**WORK TO BE COMPLETED**
Keep to one stretch of the data below, the lines from the one with "Porte-clés en plastique" up to and including the one with "소형 보조배터리 휴대용", and return that stretch exactly.

**DATA SECTION**

# # # # # # #

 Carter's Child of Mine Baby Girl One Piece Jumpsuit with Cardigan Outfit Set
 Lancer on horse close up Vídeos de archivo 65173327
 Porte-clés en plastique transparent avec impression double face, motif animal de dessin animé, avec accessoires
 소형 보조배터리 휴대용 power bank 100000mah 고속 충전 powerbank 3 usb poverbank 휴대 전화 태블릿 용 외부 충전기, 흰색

# # # # # # #

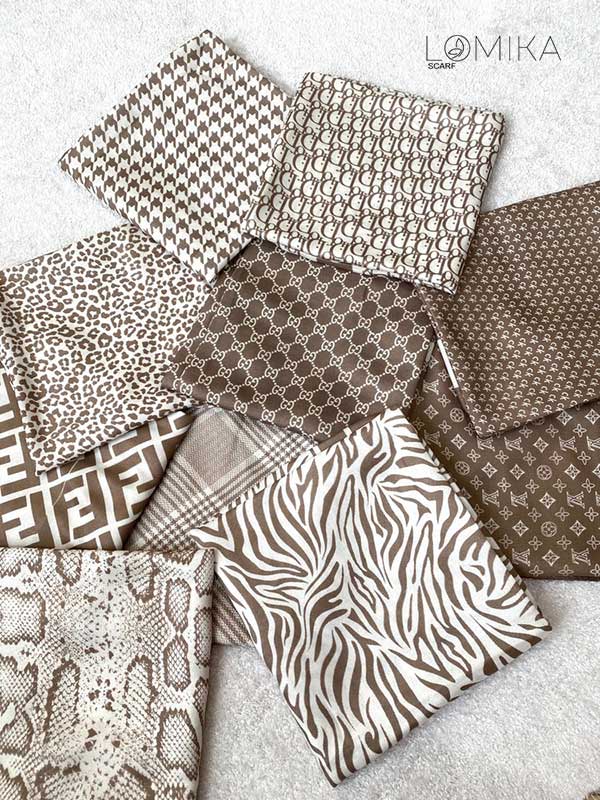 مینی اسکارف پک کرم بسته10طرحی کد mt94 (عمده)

# # # # # # #

**EXERCISE RESPONSE**
 Porte-clés en plastique transparent avec impression double face, motif animal de dessin animé, avec accessoires
 소형 보조배터리 휴대용 power bank 100000mah 고속 충전 powerbank 3 usb poverbank 휴대 전화 태블릿 용 외부 충전기, 흰색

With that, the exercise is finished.